(a) The probability that Kunle solves a particular question is \(\frac{1}{3}\) while that of Tayo is \(\frac{1}{5}\). If both of them attempt the question, find the probability that only one of them will solve the question.
(b) A committee of 8 is to be chosen from 10 persons. In how many ways can this be done if there is no restriction?
Explanation
(a) \(p(Kunle) = \frac{1}{3} ; p(\text{not Kunle}) = \frac{2}{3}\)
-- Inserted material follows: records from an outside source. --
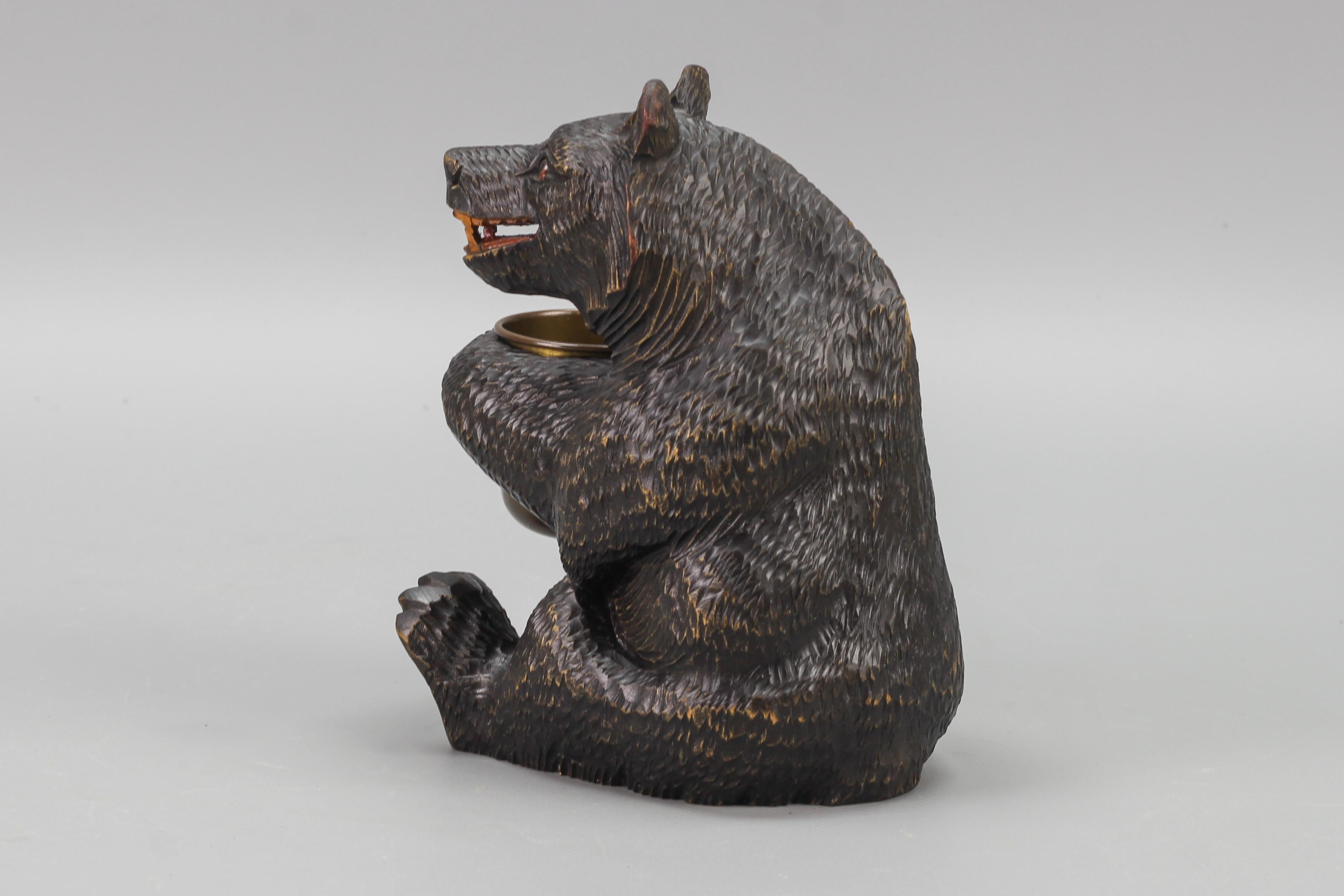 Hand-Carved Black Forest Bear with Copper Pot In Good Condition In Barntrup, DE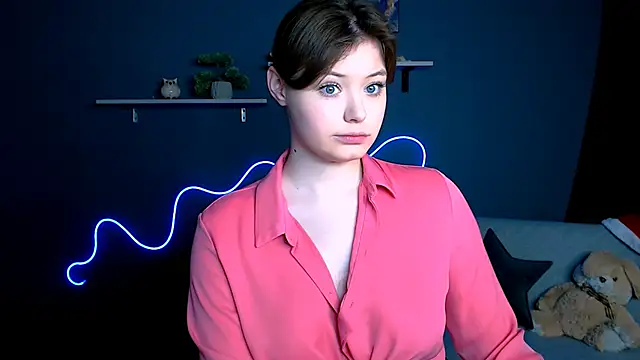 Snapshot of nikole_kitt chatting on February 8, 8:10 pm nikole kitt online show from February 8, 8:10 pm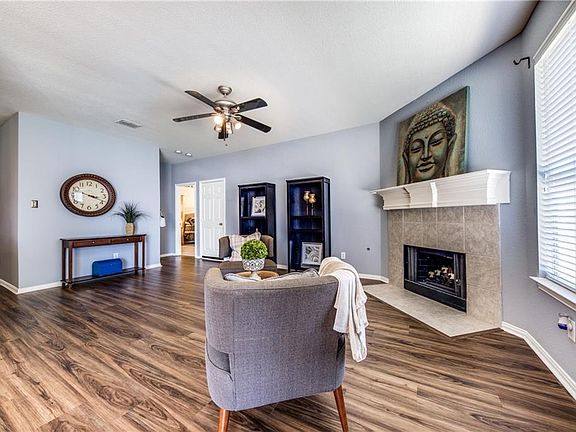 5th image of 2710 Sequoia Ln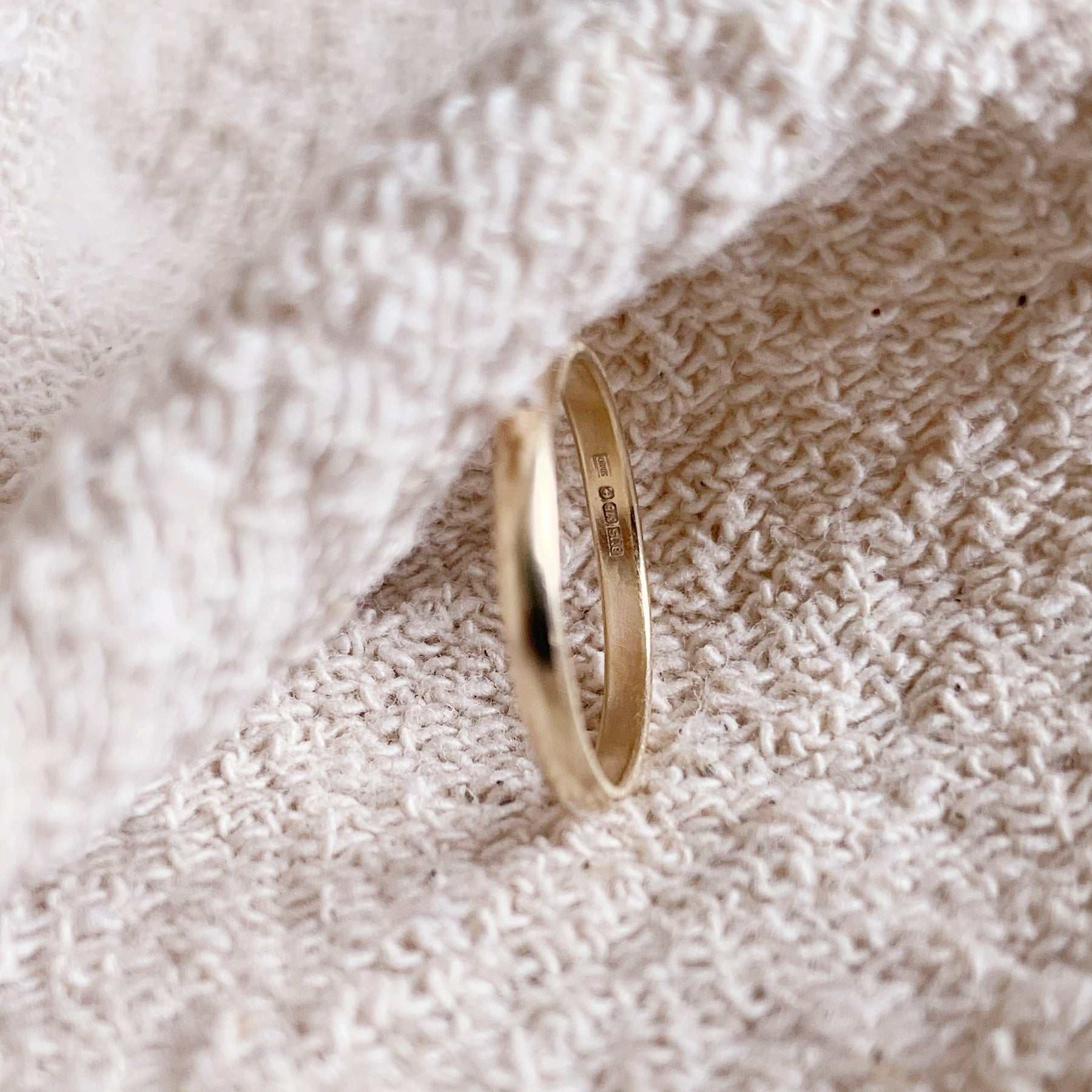 SMO (single mine origin) Ethical Gold wedding ring - Boutee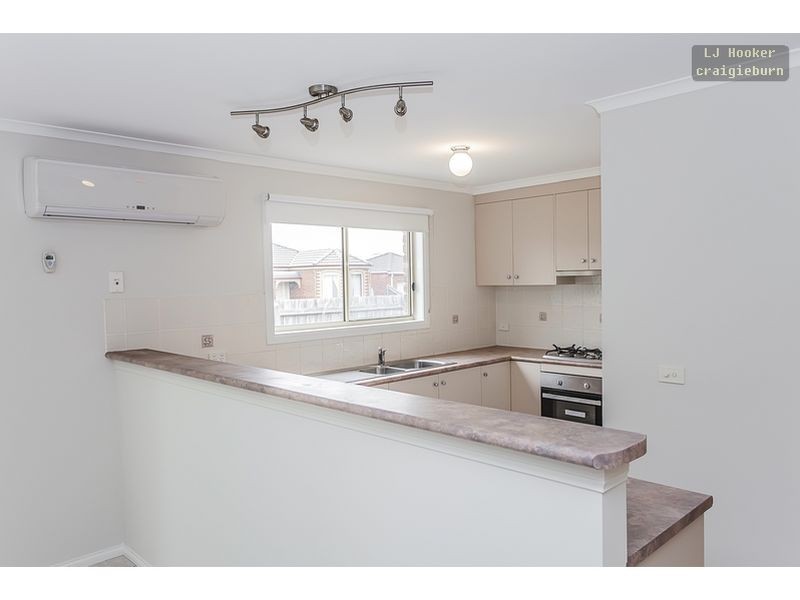 6 Stead St, Roxburgh Park VIC 3064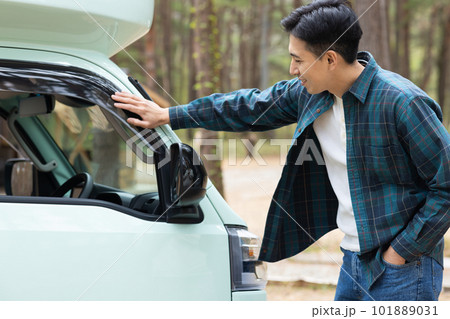 自慢のキャンピングカーで旅する男性 自慢のキャンピングカーで旅する男性 101889031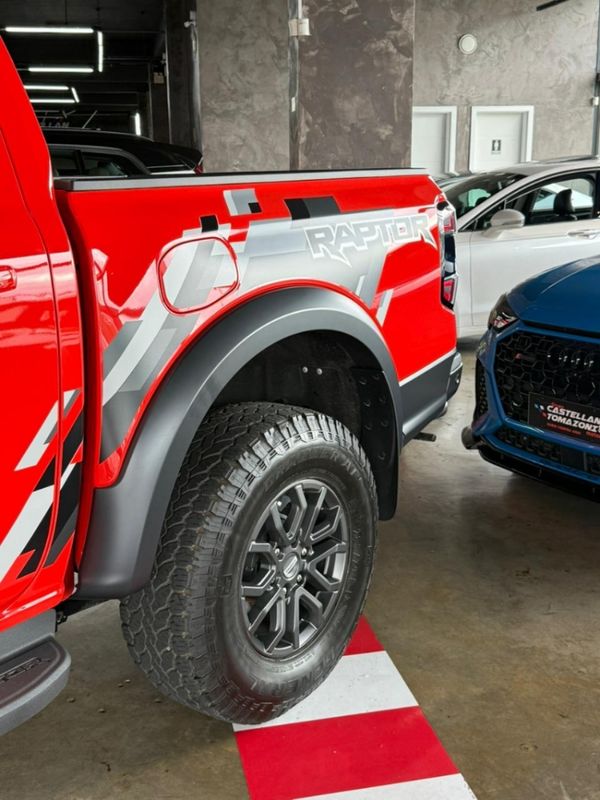 Ford RANGER 3.0 V6 TURBO GASOLINA RAPTOR 4X4 AUTOMÁTICO 2024/2024 CASTELLAN E TOMAZONI MOTORS CAXIAS DO SUL / Carros no Vale Ford RANGER 3.0 V6 TURBO GASOLINA RAPTOR 4X4 AUTOMÁTICO 2024/2024 CASTELLAN E TOMAZONI MOTORS CAXIAS DO SUL / Carros no Vale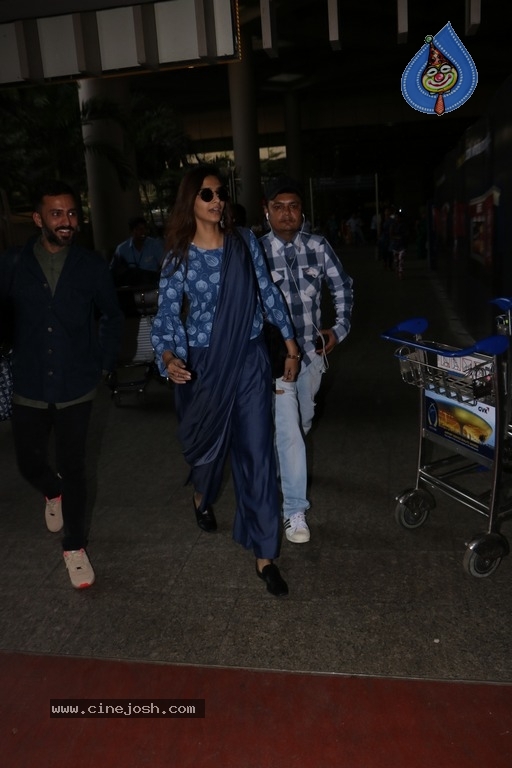 Celebrities Spotted at Airport Photos - 53 / 54 photos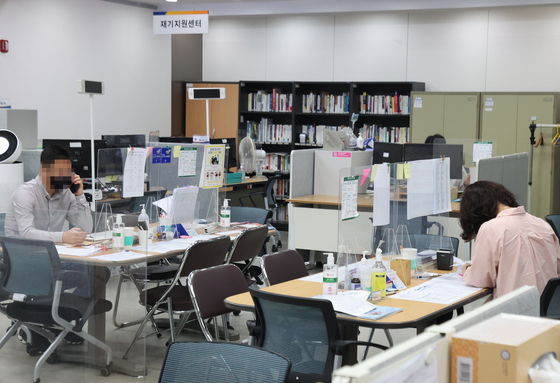 A applicant signing up for government support on self-employed at a Small Enterprise And Market Service center in Seoul on Wednesday. Such support through the supplementary budget have resulted in increase in fiscavl deficits. [YONHAP] 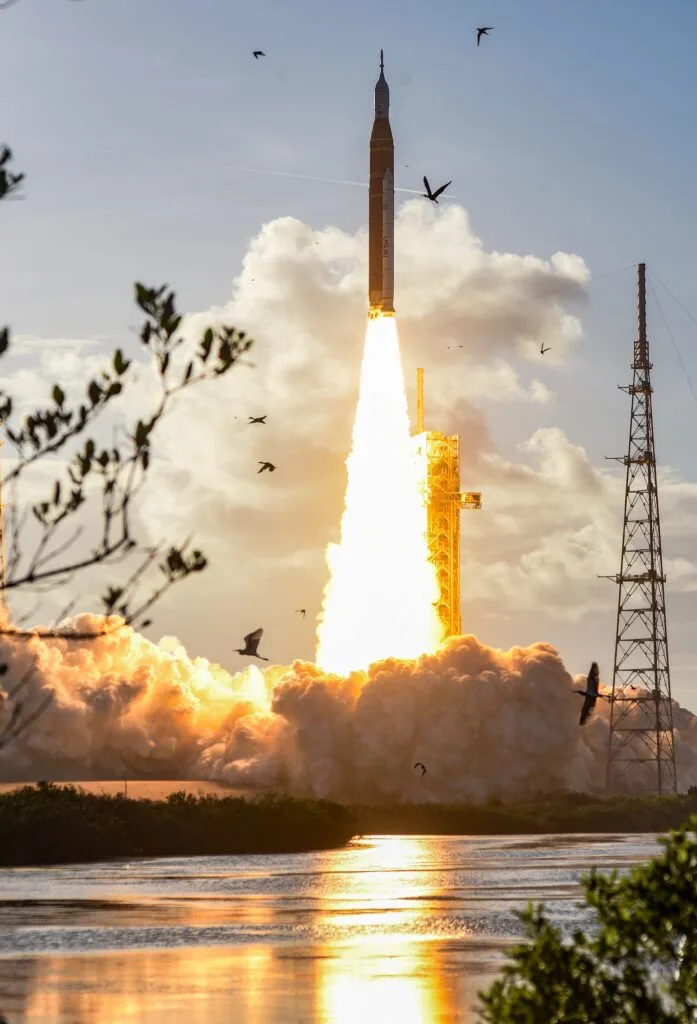 阿波罗2月球飞越直播时间及观看地点(图2)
\(p(Tayo) = \frac{1}{5} ; p(\text{not Tayo}) = \frac{4}{5}\)
\(p(\text{only one solve the question}) = p(\text{Kunle and not Tayo}) + p(\text{Tayo and not Kunle})\)
= \((\frac{1}{3} \times \frac{4}{5}) + (\frac{1}{5} \times \frac{2}{3})\)
= \(\frac{4}{15} + \frac{2}{15}\)
= \(\frac{6}{15} = \frac{2}{5}\)
(b) 10 persons to choose 8
Number of ways = \(^{10}C_{8}\)
= \(\frac{10!}{(10 - 8)! 8!}\)
= \(\frac{10 \times 9}{2}\)
= 45 ways.